REQUIRED ACTION »
Exactly the lines from the one containing "Mojave Red Portulaca" through the one containing "Carex × toezensis." in the listing below are to be copied, with the pictures left out.
(Beginning of RECORDS FOR PROCESSING)
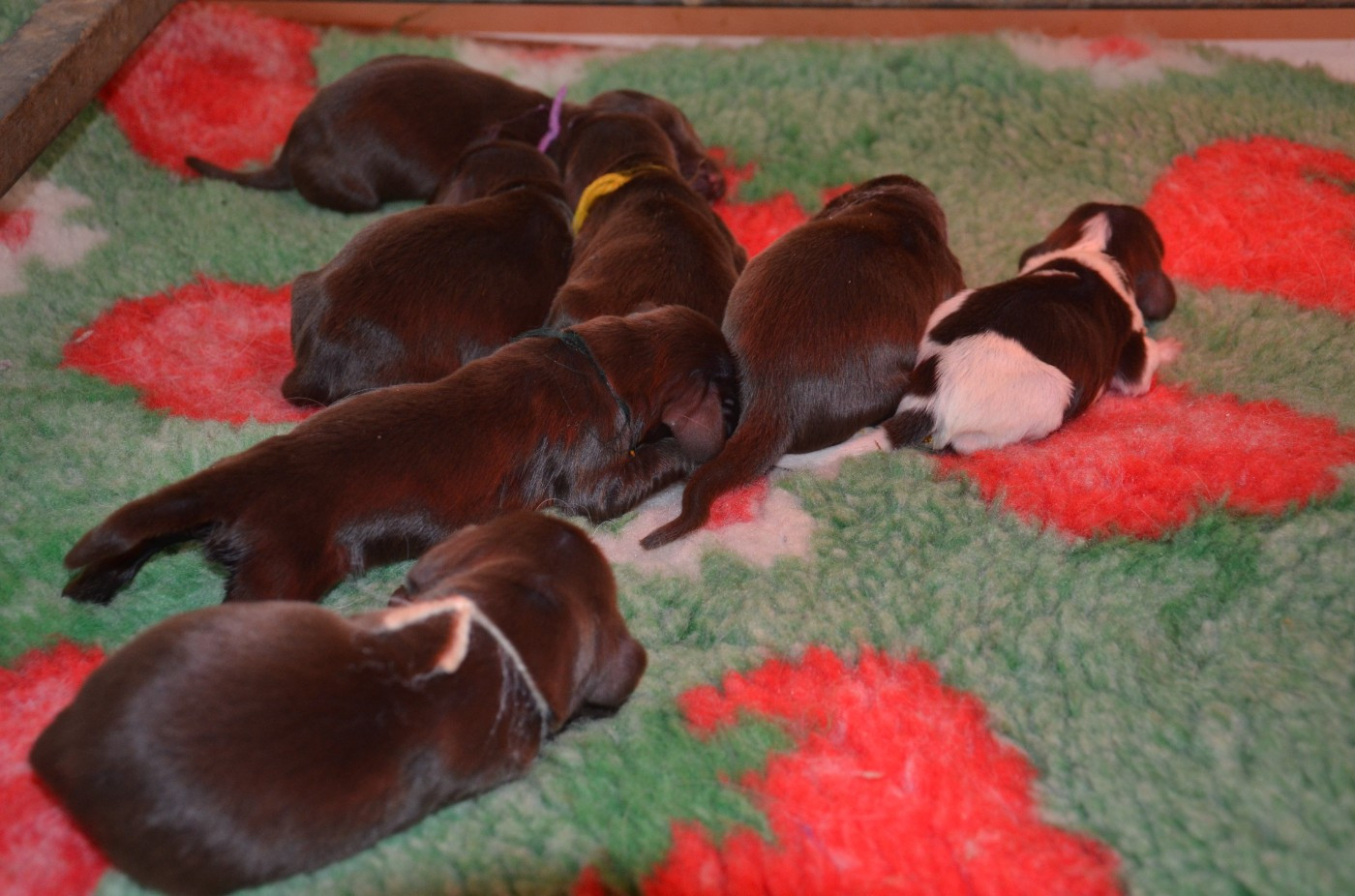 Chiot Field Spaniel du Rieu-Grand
(End of RECORDS FOR PROCESSING)
(Beginning of RECORDS FOR PROCESSING)
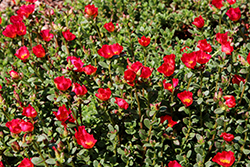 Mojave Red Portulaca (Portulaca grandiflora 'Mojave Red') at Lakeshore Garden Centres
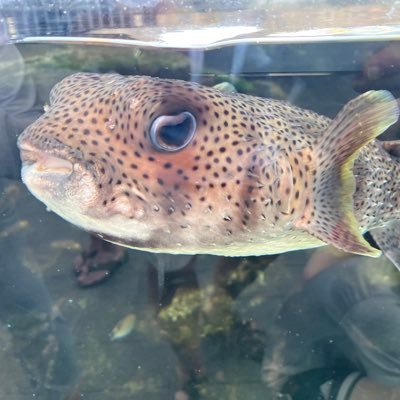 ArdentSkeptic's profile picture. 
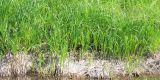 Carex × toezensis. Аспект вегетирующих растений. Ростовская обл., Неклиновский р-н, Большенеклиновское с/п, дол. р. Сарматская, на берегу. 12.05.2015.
(End of RECORDS FOR PROCESSING)
RESULT OF THIS TASK »
 Mojave Red Portulaca (Portulaca grandiflora 'Mojave Red') at Lakeshore Garden Centres
 ArdentSkeptic's profile picture. 
 Carex × toezensis. Аспект вегетирующих растений. Ростовская обл., Неклиновский р-н, Большенеклиновское с/п, дол. р. Сарматская, на берегу. 12.05.2015.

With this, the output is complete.